**WHAT THIS TASK INVOLVES:** Would you copy exactly the lines in the data below from the one that has "三沙市永乐群岛种植基地首批蔬菜喜获丰收" through the one that has "フェイク観葉植物の画像", dropping any pictures?

**RECORD EXCERPTS:**
------------------------------

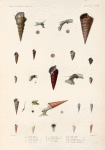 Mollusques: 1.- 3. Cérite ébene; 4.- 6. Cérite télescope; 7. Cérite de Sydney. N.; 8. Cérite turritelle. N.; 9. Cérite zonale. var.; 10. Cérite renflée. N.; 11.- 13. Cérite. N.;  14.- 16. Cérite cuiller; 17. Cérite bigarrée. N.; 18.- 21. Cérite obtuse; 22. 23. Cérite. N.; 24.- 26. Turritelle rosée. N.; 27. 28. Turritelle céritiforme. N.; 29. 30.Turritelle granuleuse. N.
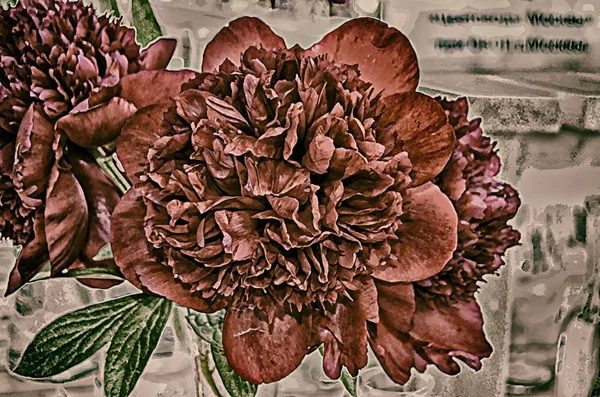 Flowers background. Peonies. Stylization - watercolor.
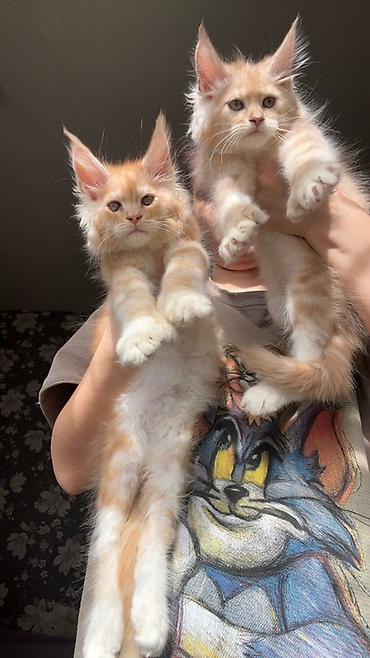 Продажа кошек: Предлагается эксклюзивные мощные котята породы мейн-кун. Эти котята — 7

------------------------------

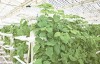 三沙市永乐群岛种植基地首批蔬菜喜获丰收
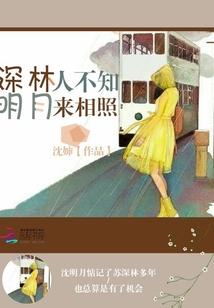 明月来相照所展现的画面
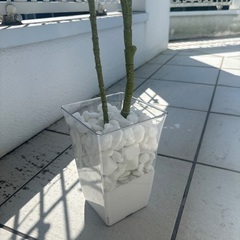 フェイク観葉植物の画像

------------------------------

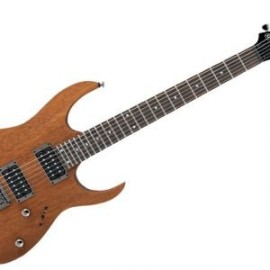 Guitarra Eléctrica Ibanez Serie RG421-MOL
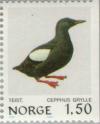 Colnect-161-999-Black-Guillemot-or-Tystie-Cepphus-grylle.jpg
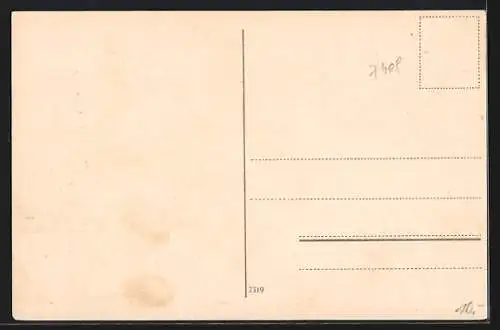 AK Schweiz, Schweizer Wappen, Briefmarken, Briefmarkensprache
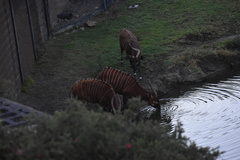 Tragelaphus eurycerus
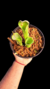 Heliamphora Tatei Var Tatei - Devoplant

------------------------------

**OUTPUT FOR THIS EXERCISE:**
 三沙市永乐群岛种植基地首批蔬菜喜获丰收
 明月来相照所展现的画面
 フェイク観葉植物の画像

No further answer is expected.